A Multi-Modal Neural Geometric Solver with Textual Clauses Parsed from Diagram

Authors: Ming-Liang Zhang, Fei yin, Cheng-Lin Liu

IJCAI 2023 | Conference PDF | Archive PDF | Plain Text | LLM Run Details

Reproducibility Variable Result LLM Response
Research Type Experimental Experiments on PGPS9K and an existing dataset Geometry3K validate the superiority of our method over the state-of-the-art neural solvers.
Researcher Affiliation Academia 1MAIS, Institute of Automation of Chinese Academy of Sciences 2School of Artificial Intelligence, University of Chinese Academy of Sciences
Pseudocode No The paper includes architectural diagrams (Figure 1, Figure 3) and descriptions of methods, but no explicit pseudocode or algorithm blocks.
Open Source Code Yes Our code, dataset and appendix material are available at https: //github.com/mingliangzhang2018/PGPS.
Open Datasets Yes Our code, dataset and appendix material are available at https: //github.com/mingliangzhang2018/PGPS. we build a new large-scale and fine-annotated GPS dataset named PGPS9K, labeled with both fine-grained diagram annotation and interpretable solution program.
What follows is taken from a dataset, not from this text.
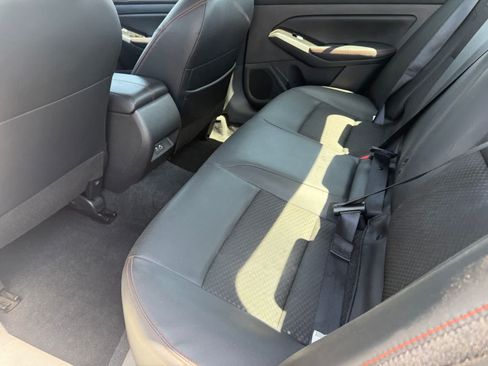Used 2025 Nissan Altima 2.5 SR AWD/4WD image 11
PGPS9K is the largest and the most complete annotation dataset for GPS up to now. http://www.nlpr.ia.ac.cn/databases/CASIA-PGPS9K
Dataset Splits No The paper specifies training and test splits for the datasets (e.g., 'training set 8,433' and 'test set (589)', or 'training set 8,022 and test set 1,000'), but it does not explicitly mention or specify a separate validation dataset split with sizes or percentages.
Hardware Specification Yes Our model is implemented using Pytorch on one GTX-RTX GPU.
Software Dependencies No The paper states 'Our model is implemented using Pytorch' but does not specify the version number of Pytorch or any other software dependencies with specific version numbers.
Experiment Setup Yes The CNN model adopts the Res Net10 [He et al., 2016], feeding with diagram images resized as 128 128. The language model select a transformer encoder [Vaswani et al., 2017], having 6 layers, 8 attention heads, and a hidden embedding size of 1024. The GRU encoder is a two-layer bidirectional GRU [Cho et al., 2014] with input embedding size 256 and hidden state size 512. The selflimited decoder is a two-layer GRU setting same input embedding size and hidden state size of 512. The random probability of data augmentation is set as 0.7 in pre-training and 0.5 in training. We choose the Adam W optimizer [Loshchilov and Hutter, 2017] with weight decay 1e 2 and step decline schedule with decaying rate 0.5. During pre-training, the learning rate of language model is initialized as 5e 4 decaying at 1K, 2K and 3K epochs with a total 4k epochs. During training, all modules of PGPSNet train together with initial learning rate as 5e 5 for language model and 1e 3 for other modules, decaying at 160, 280, 360, 440 and 500 uniformly with a total 540 epochs. In addition, the batch size and dropout rate are set as 128 and 0.2 in all processes.